**HOW TO COMPLETE THIS TASK**:
As soon as the line containing "I want to show" appears, start repeating lines exactly and continue to the end of the entries; please skip pictures.

Saved data entries
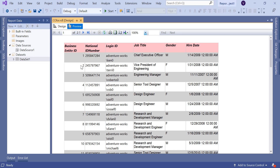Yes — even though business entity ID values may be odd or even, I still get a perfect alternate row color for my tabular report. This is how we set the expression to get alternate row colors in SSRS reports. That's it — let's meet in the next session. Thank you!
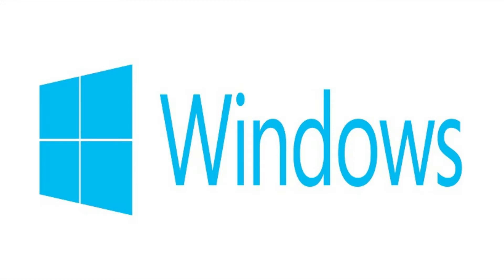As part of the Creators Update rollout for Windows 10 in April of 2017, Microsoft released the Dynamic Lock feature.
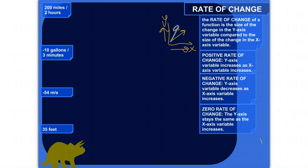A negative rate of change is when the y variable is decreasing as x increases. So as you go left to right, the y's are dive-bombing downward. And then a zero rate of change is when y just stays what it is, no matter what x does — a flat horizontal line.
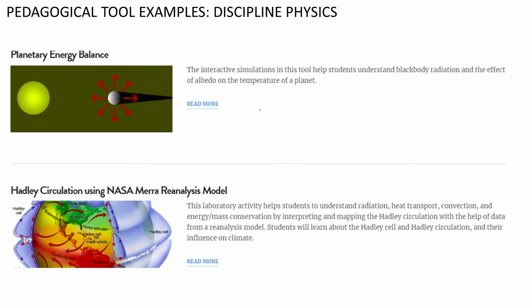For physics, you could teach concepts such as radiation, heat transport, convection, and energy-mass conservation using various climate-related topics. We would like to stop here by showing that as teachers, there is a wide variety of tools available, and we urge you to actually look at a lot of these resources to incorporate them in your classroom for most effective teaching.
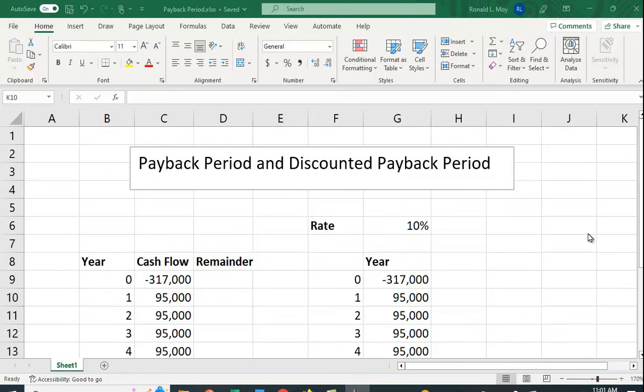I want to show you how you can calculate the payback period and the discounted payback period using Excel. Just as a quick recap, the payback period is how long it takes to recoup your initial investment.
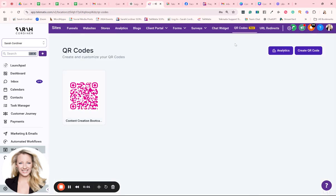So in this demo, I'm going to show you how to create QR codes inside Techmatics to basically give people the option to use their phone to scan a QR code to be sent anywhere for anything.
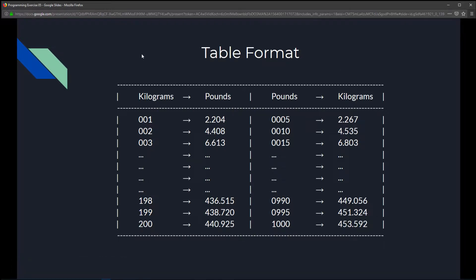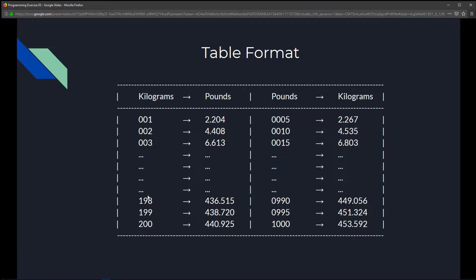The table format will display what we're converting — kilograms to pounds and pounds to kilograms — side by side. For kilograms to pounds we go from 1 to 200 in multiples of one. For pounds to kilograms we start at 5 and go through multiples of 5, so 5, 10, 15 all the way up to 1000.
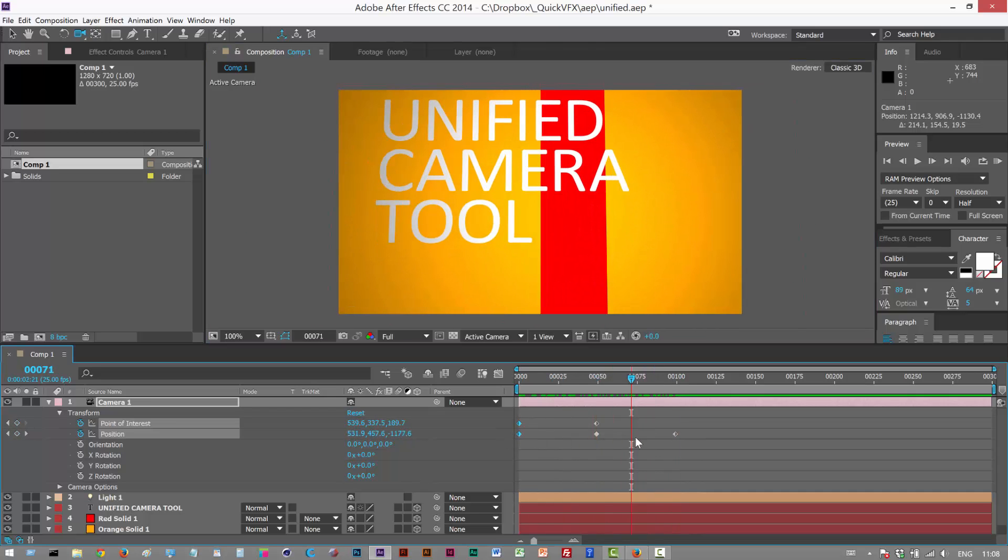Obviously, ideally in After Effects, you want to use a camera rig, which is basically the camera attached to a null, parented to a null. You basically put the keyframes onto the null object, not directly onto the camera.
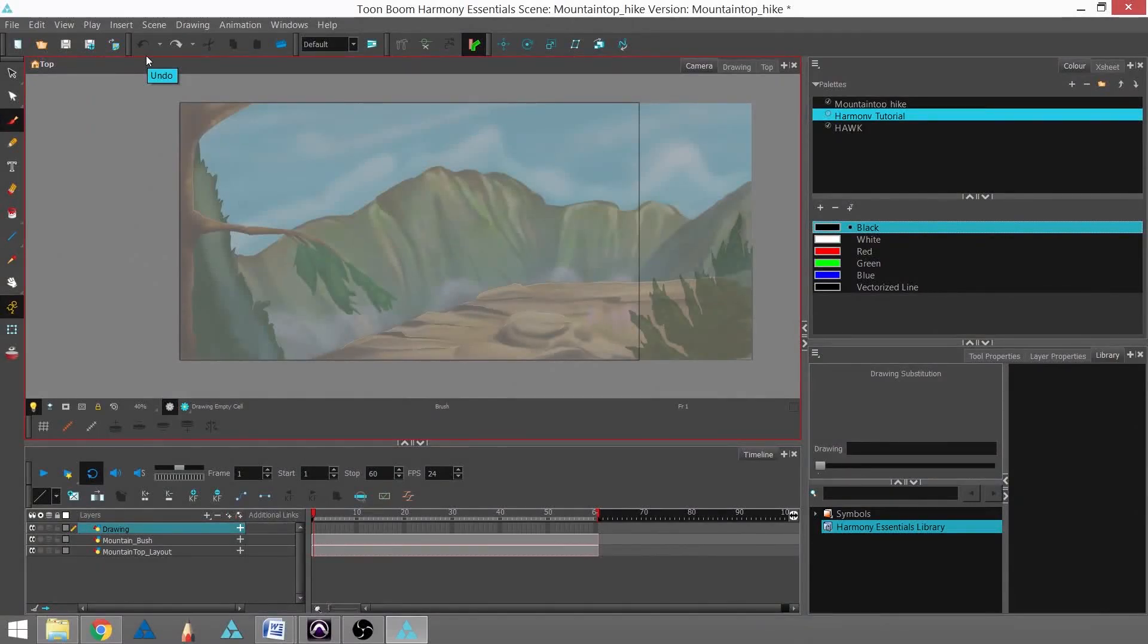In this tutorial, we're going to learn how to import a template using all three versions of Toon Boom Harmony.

**RESULT**:
I want to show you how you can calculate the payback period and the discounted payback period using Excel. Just as a quick recap, the payback period is how long it takes to recoup your initial investment.
So in this demo, I'm going to show you how to create QR codes inside Techmatics to basically give people the option to use their phone to scan a QR code to be sent anywhere for anything.
The table format will display what we're converting — kilograms to pounds and pounds to kilograms — side by side. For kilograms to pounds we go from 1 to 200 in multiples of one. For pounds to kilograms we start at 5 and go through multiples of 5, so 5, 10, 15 all the way up to 1000.
Obviously, ideally in After Effects, you want to use a camera rig, which is basically the camera attached to a null, parented to a null. You basically put the keyframes onto the null object, not directly onto the camera.
In this tutorial, we're going to learn how to import a template using all three versions of Toon Boom Harmony.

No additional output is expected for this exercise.